● Supplied records:
########
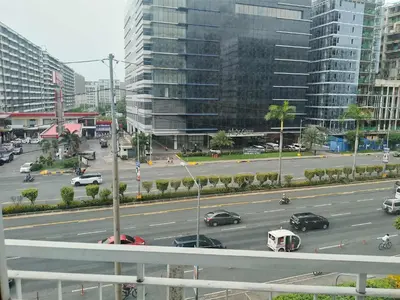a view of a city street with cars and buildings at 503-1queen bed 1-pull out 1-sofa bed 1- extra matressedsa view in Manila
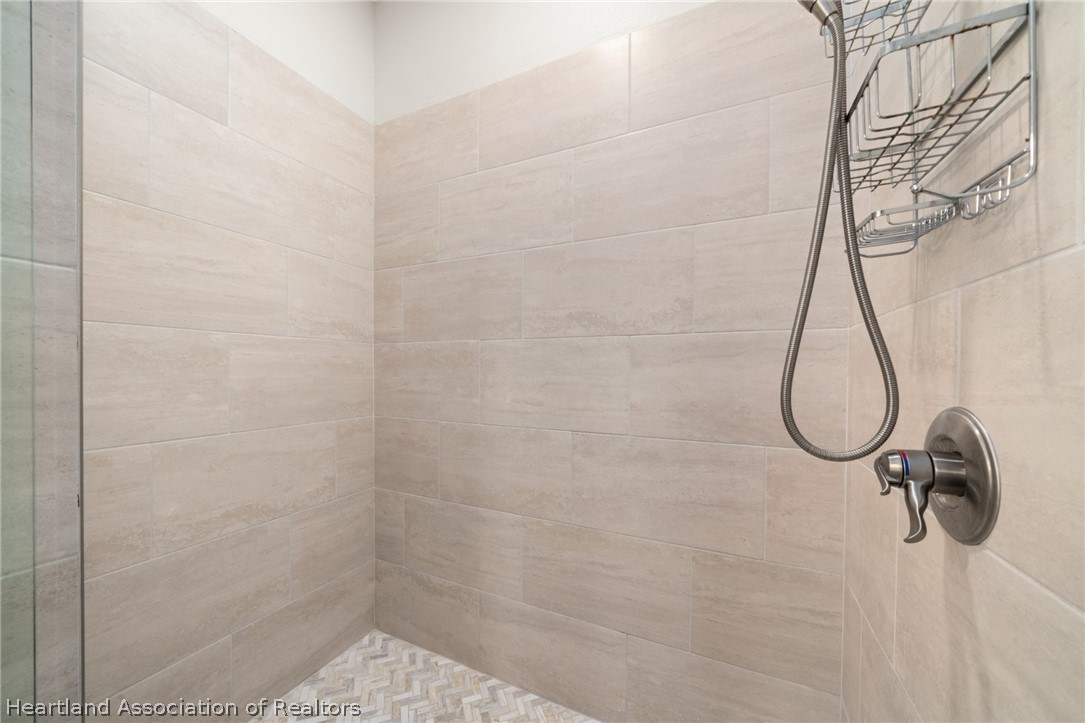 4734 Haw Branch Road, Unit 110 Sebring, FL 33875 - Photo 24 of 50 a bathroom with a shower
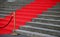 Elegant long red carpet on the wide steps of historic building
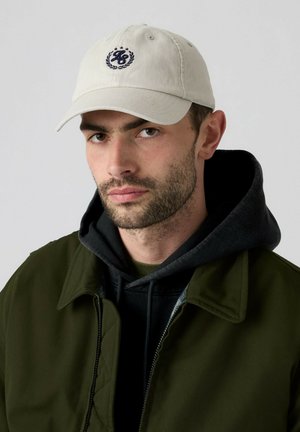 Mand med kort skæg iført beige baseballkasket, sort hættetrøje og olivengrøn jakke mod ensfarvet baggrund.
########
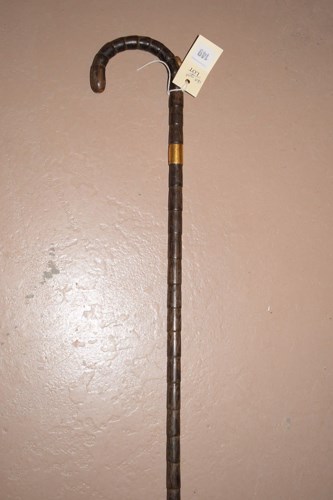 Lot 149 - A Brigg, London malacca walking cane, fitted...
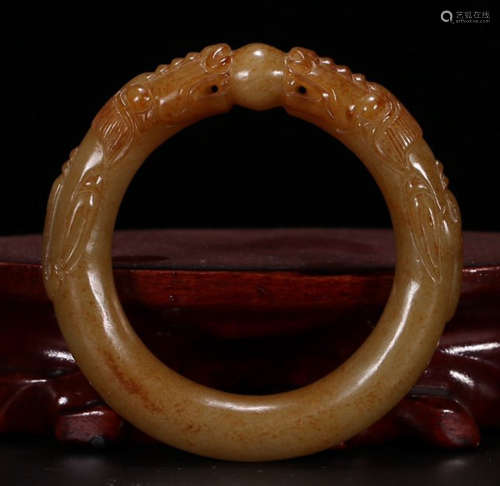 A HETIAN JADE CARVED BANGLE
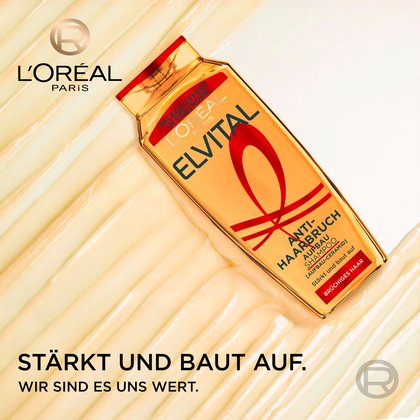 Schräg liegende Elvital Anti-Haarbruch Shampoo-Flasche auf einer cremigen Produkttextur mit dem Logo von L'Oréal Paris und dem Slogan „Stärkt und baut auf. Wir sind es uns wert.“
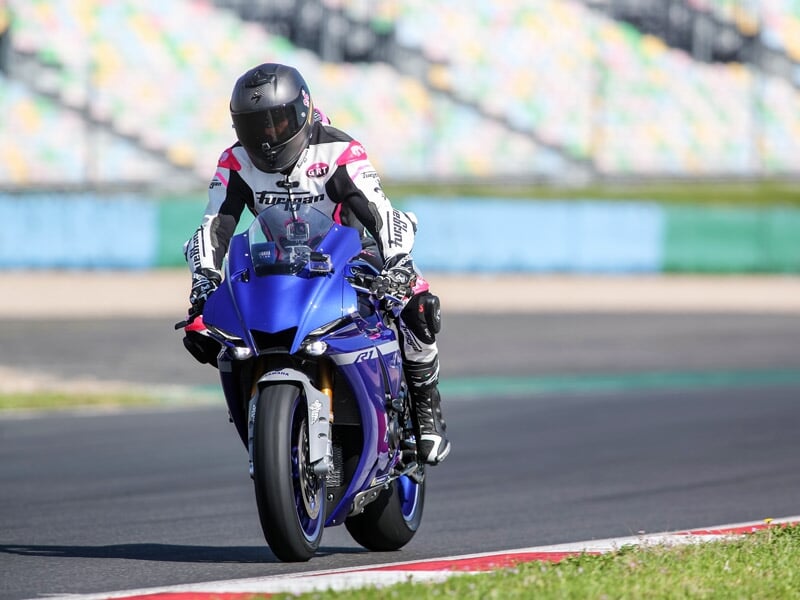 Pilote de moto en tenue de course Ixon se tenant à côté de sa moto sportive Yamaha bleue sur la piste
########
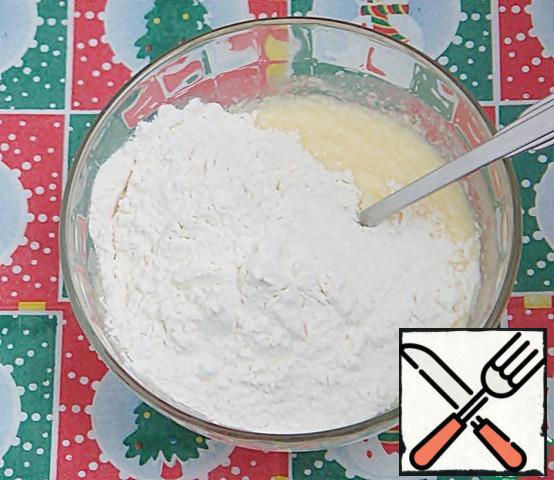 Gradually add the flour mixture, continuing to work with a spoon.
########
● What to do: Please return the data above exactly as it stands from the line with "a view of a" to the line with "Mand med kort", keeping both of those lines but none of the pictures.

● Exercise answer:
a view of a city street with cars and buildings at 503-1queen bed 1-pull out 1-sofa bed 1- extra matressedsa view in Manila
 4734 Haw Branch Road, Unit 110 Sebring, FL 33875 - Photo 24 of 50 a bathroom with a shower
 Elegant long red carpet on the wide steps of historic building
 Mand med kort skæg iført beige baseballkasket, sort hættetrøje og olivengrøn jakke mod ensfarvet baggrund.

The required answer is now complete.